Having proper control of your business finances is a big advantage. It helps you make well-informed business decisions and keeps your organisation profitable.With so many digital tools for managing your bookkeeping, accounting and management reporting, it’s never been easier to manage, track and forecast your financial position.
But what are the main tools you need? And how do you set up your financial systems, apps, processes and reporting to put yourself back in the finance driving seat?
1. Bring your bookkeeping into the digital age
Digital bookkeeping apps are a great way to digitise your receipts, records and source documents. This not only saves a lot of time at year-end, it also makes it much easier for you to keep track of your company’s finances and accounting. Keeping your receipts in a box to manually enter at period-end is no longer enough. Take the next step and digitise your receipts at source, so you have up-to-date digital records and copies of source documents.
Optical character recognition (OCR) software, like Dext Prepare or Auto Entry, scans the receipt, converts it into a digital format and stores it in the cloud.
2. Do your accounting in the cloud
Cloud accounting is a software-as-a-service (SaaS) solution that helps you carry out all your main accounting and financial management online, without having to install any software.
Cloud accounting providers, like Xero, QuickBooks, MYOB or Sage, design their accounting platforms to take the pain and hassle of business accounting. You get all the tools and features you need to work on your accounting tasks. And your platform provider will also take care of all the data storage, backups and security of your data.
A good cloud accounting platform does more than just save your hard drive space. It also provides you with tools and dashboards that improve your access to management information, financial reporting, forecasting and projections, performance tracking and more.
3. Use the latest in expense management tools
Expense management can be a time-consuming and tedious job. But it’s also a vital task that helps you ensure you’re spending company money wisely and not overspending. If employees start going over their budget limits, this can be a costly mistake for the company and your cashflow.

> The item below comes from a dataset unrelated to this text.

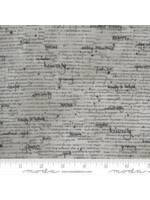 Moda Fabrics Janet Clare - Botanicals - Novelty - Vintage Grey - Coupon - 100 cm x 110 cm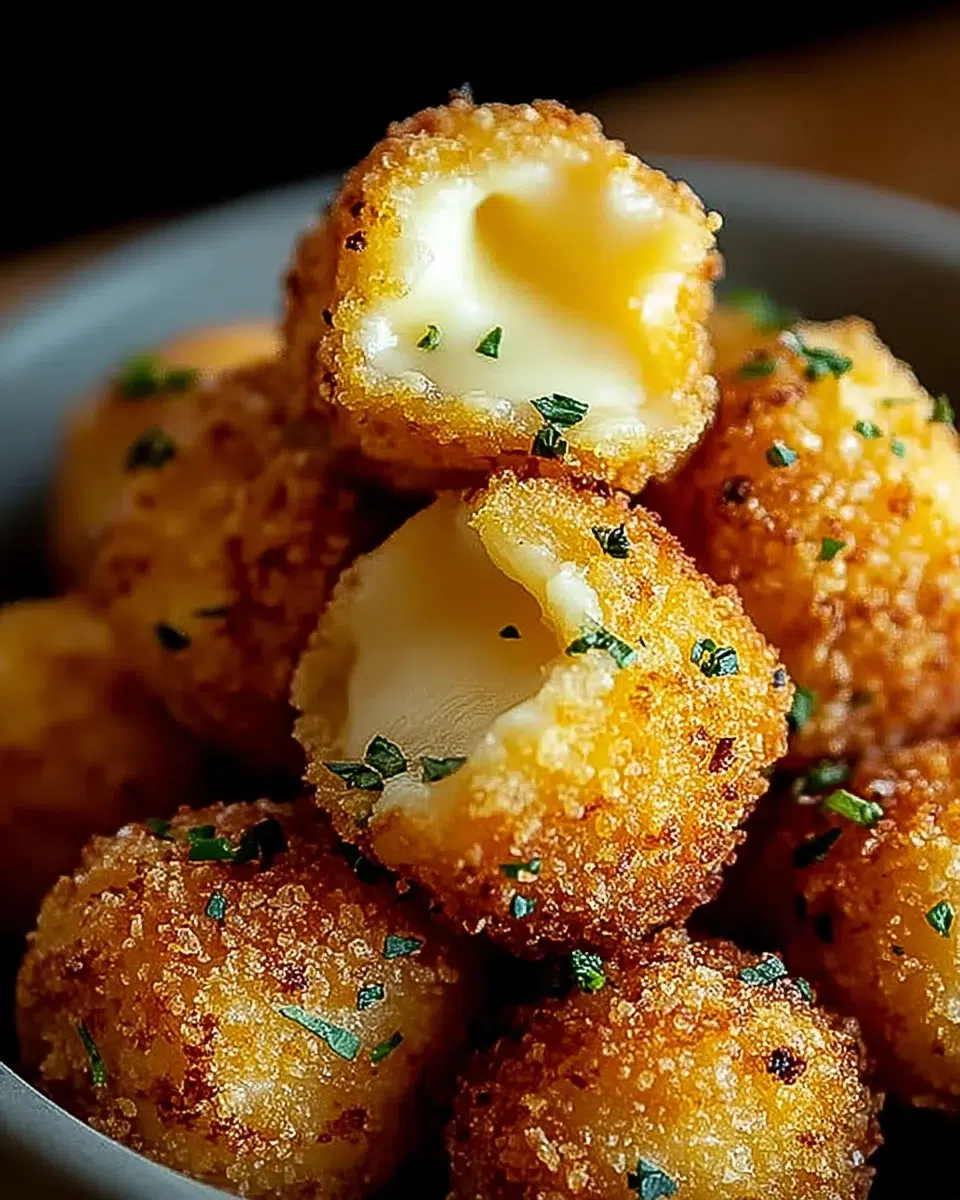 Bouchées de fromage parmesan et mozzarella : savourez !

Expense management tools, such as Soldo, Weel or Pleo, help you manage staff spending by giving employees virtual cards that are linked to a specific budget, account and code. This helps you track their expenses easily and make sure they’re staying within their budgeted limits. These platforms also give you detailed reporting and analytics, so you can see where money is being spent, and where savings can be made.
4. Make it easy to accept digital payments
The problem of slow payment is one of the most frustrating things for small businesses. If your customers don’t pay on time, this can result in a loss of revenue, poor cashflow and an inability to cover your basic costs and overheads. To resolve this issue, many companies have begun to switch to digital payment platforms that make it simpler, faster and easier to collect payment.
Payment platforms, like PayPal, Square or Stripe offer faster payment times and more control over the customer experience. Some platforms even integrate with your cloud accounting, so you get automatic bank reconciliations.
5. Embrace the latest in digital reporting and forecasting
With digital accounting changing so rapidly in recent years, there’s never been a better time to embrace the benefits of the latest in digital reporting and forecasting.
Economic conditions are hard to predict. So it’s crucial to be able to quickly analyse data, check your performance and make predictions about how your company will fare in the coming months. When you use cloud solutions for financial reporting and key metrics, you’ll be able to monitor trends in real-time while having access to the data anytime, anywhere.
Having this information at your fingertips helps you make informed decisions faster than ever before – and that translates that into more sales, increased business growth and bigger profits.